Dementi aus Kiew: Kein Besuch von EU-Experten an der „Druschba“-Pipeline geplant.

Dementi aus Kiew: Kein Besuch von EU-Experten an der „Druschba“-Pipeline geplant
Dementi aus Kiew: Kein Besuch von EU-Experten an der „Druschba“-Pipeline geplant

Aktuelle Entwicklungen um die Pipeline „Druschba“

Nach Angaben von TSN.ua: Das ukrainische Außenministerium hat Berichte über einen angeblich bevorstehenden Besuch internationaler Fachleute an der beschädigten Ölpipeline „Druschba“ entschieden zurückgewiesen. Sprecher Heorhij Tychyj erklärte gegenüber der Presse, es gebe keinerlei bestätigte Termine oder organisierte Reisen von Experten vor Ort. „Mir sind keine konkreten, abgestimmten Daten oder Reisen bekannt.

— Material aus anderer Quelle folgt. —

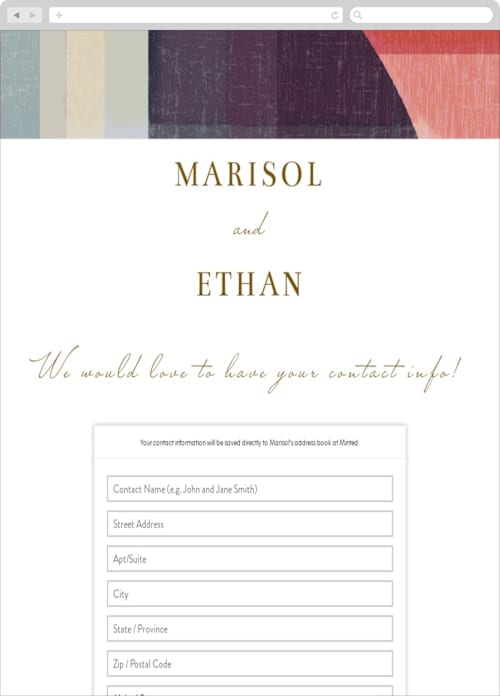This is a sunset digital wedding address collection cards by Griffinbell Paper Co. called edgewater printing on digital paper in standard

Ich habe auch keine Ahnung, wo diese Informationen herkommen“, wird Tychyj in einer Stellungnahme zitiert.

Die Ukraine stehe jedoch in einem ständigen Austausch mit der Europäischen Kommission sowie mit Ungarn und der Slowakei über den Zustand der wichtigen Ölleitung. Der letzte Lagebericht zu diesem Thema wurde am vergangenen Wochenende gegeben. Parallel dazu haben sich 11 Staaten aus der Region des Persischen Golfs mit der Bitte um Unterstützung an die Ukraine gewandt.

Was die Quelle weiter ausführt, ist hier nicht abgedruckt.